The Adviser does not assign specific individuals to support only specific Clients. The Adviser’s
portfolio managers manage each Client with the input of the broader investment team. Within
Monarch’s one-team model investment professionals develop specialization that may change
depending on where the Adviser determines opportunity resides. The Adviser may create teams
to focus on a particular area that includes investment professionals dedicated to that area. In
particular, the Adviser has created a real estate focused team that sits within the broader investment
team.
Persons reviewing this Form ADV Part 2A Brochure should not construe this as an offering of any
of the Funds described herein. Any such offering will only be made pursuant to the delivery of a
private placement memorandum to prospective investors.
The Adviser does not participate in wrap fee programs.

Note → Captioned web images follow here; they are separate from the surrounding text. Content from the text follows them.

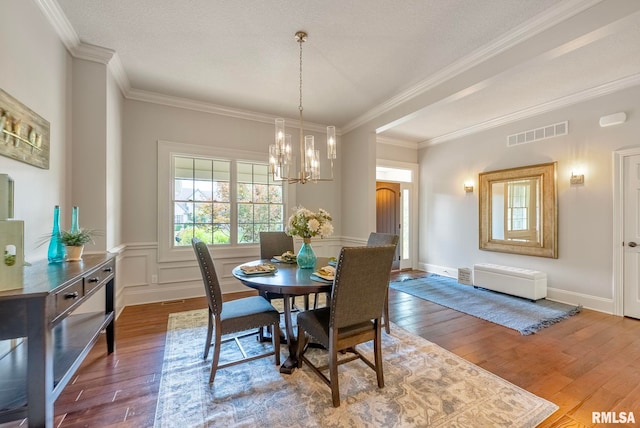 dining space with a chandelier, ornamental molding, and wood-type flooring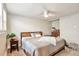 Comfortable bedroom with a bed, nightstand, and dresser at 2033 S Ogden St, Denver, CO 80210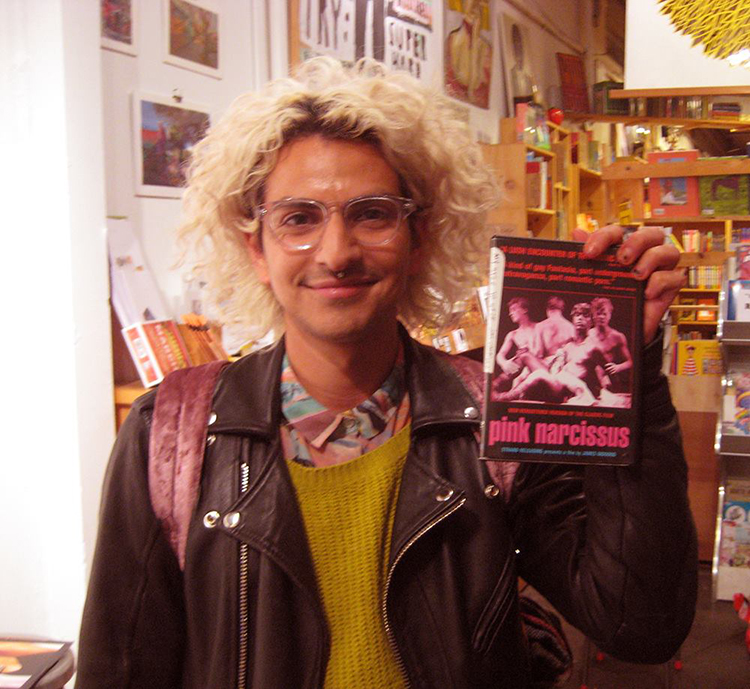 Film selector Jai Carillo holding his choice, James Bidgood's 1971 'Pink Narcissus.'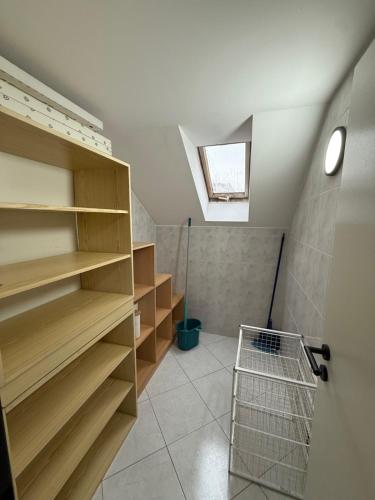 a walk in closet with wooden shelves and a skylight at Čisté a příjemné ubytování in Teplice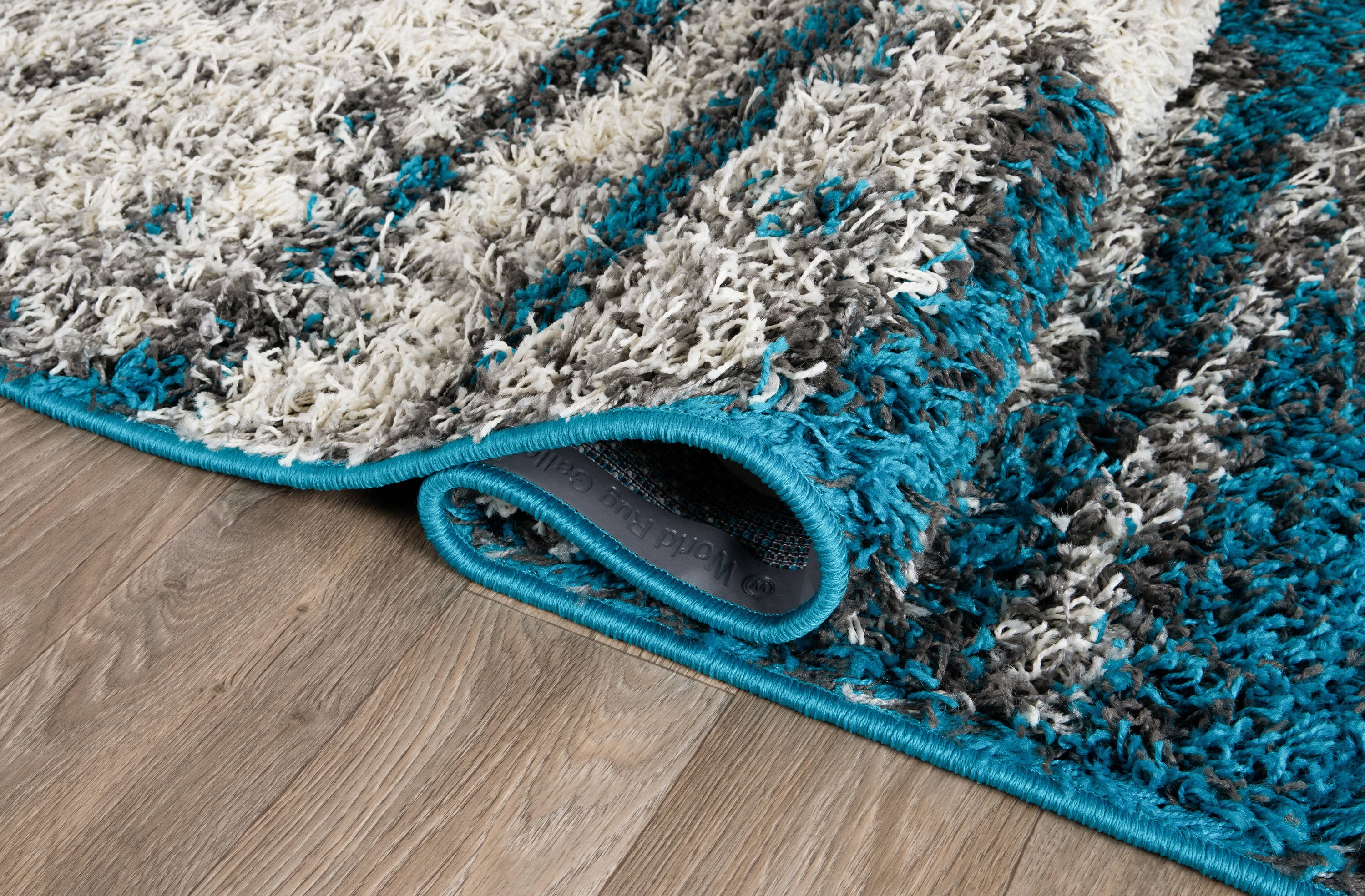 Turquoise and Gray Abstract Shag 8' x 10' Synthetic Rug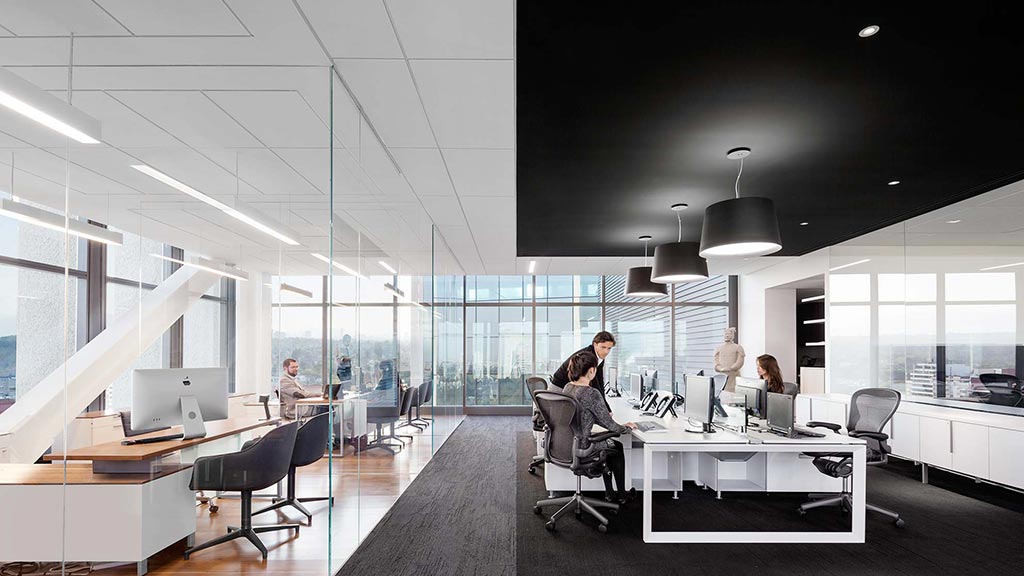 A group of people sitting at a table in a large office.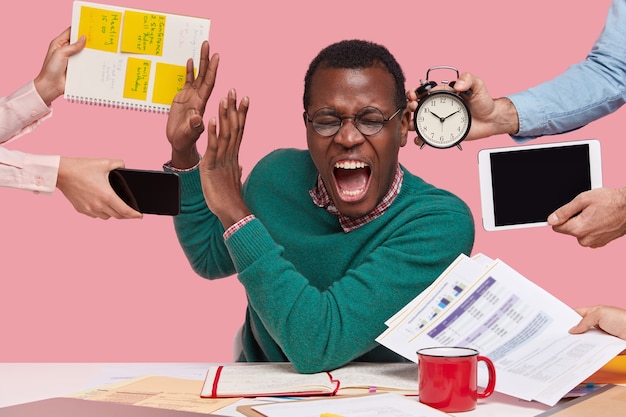 Indoor shot of desperate young Afro American man screams desperately, makes stop gesture, dressed in green sweater, busy working, isolated over pink background. People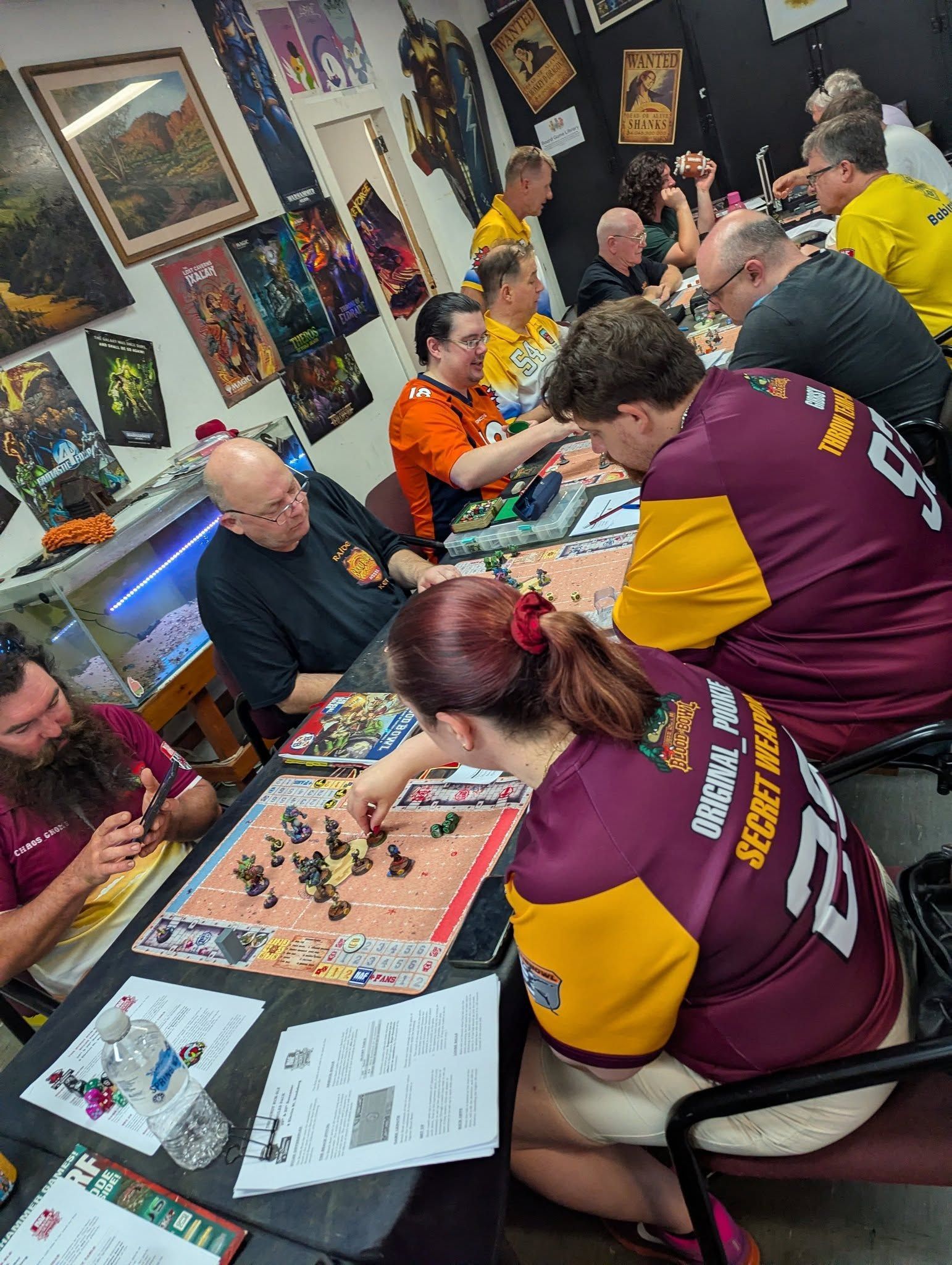 People Playing Board Game at a Table Room With Posters — Grim Gaming & Hobbies in Bundaberg Central, QLD
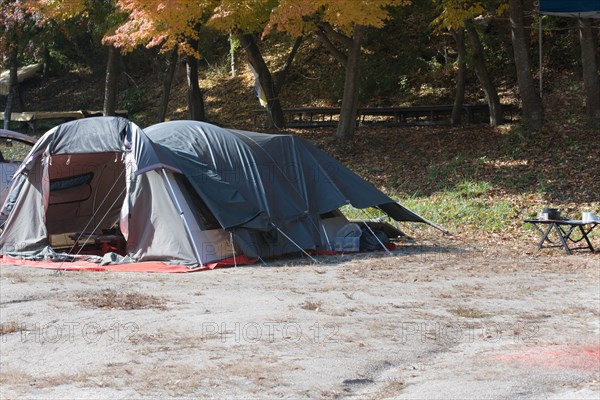 Camping tent set up in mountain park on sunny fall day with cooking pans on small wooden table in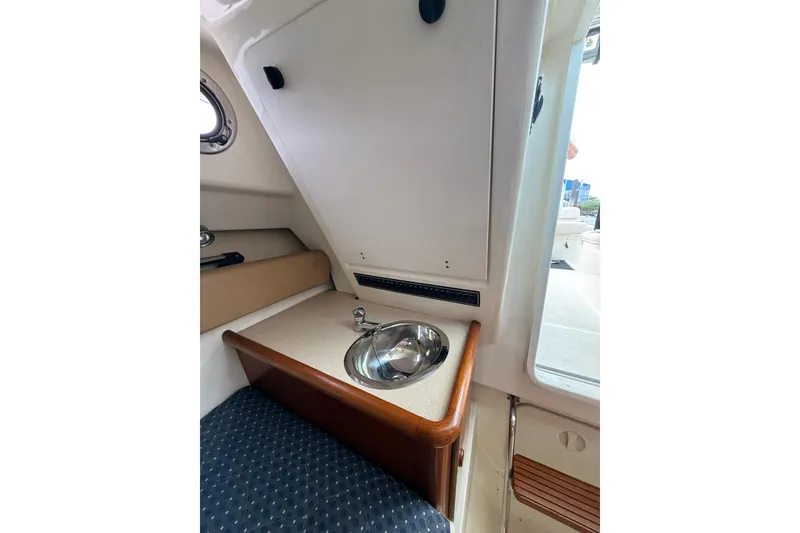 Slide: The Image of 2006 Pursuit 2570 Offshore cabin interior with sink and seating area. - 17
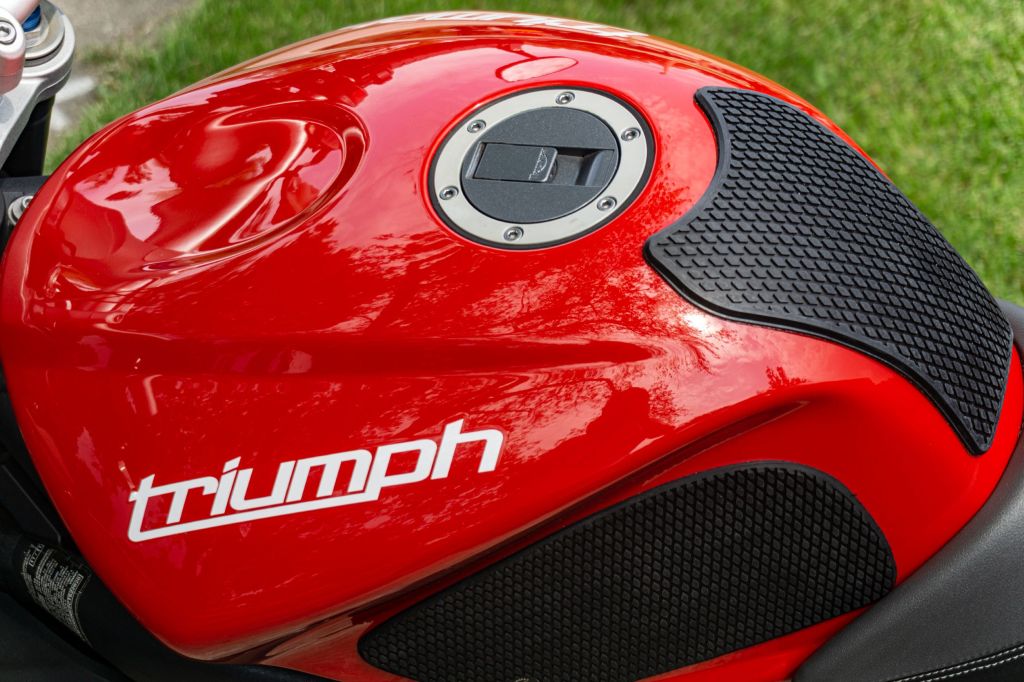 An overhead left-side view of a red 2012 Triumph Street Triple R with black tank grips installed
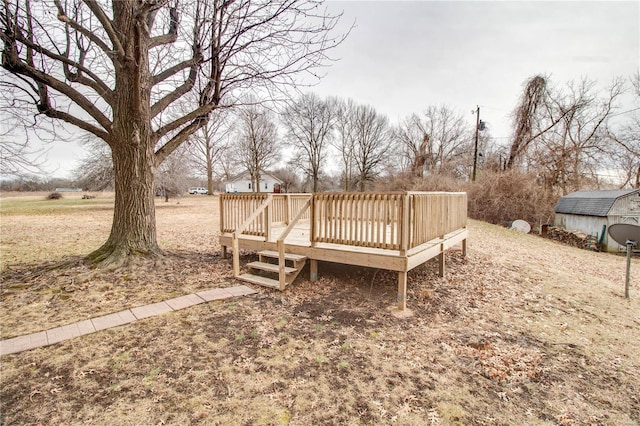 429 Oak St, East Alton, IL 62024 - view of yard featuring a wooden deck, an outbuilding, and a storage unit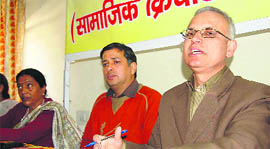 Lokesh Navani of Dhaad addresses a press conference in Dehradun on Saturday.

As of December 31, 2023, in respect of Clients that the registrant advises as of the date hereof and
its proprietary account described below, the Adviser managed approximately $13.079 billion in
assets on a net asset value basis, including unfunded and contingent commitments. Of these
approximately $13.079 billion in assets managed by the Adviser, approximately $4.332 million in
assets are attributable to a proprietary account that does not actively trade its positions and is not
expected to participate in new investment opportunities, although it has and is expected to
participate in investments the purpose of which is to protect or enhance an existing position.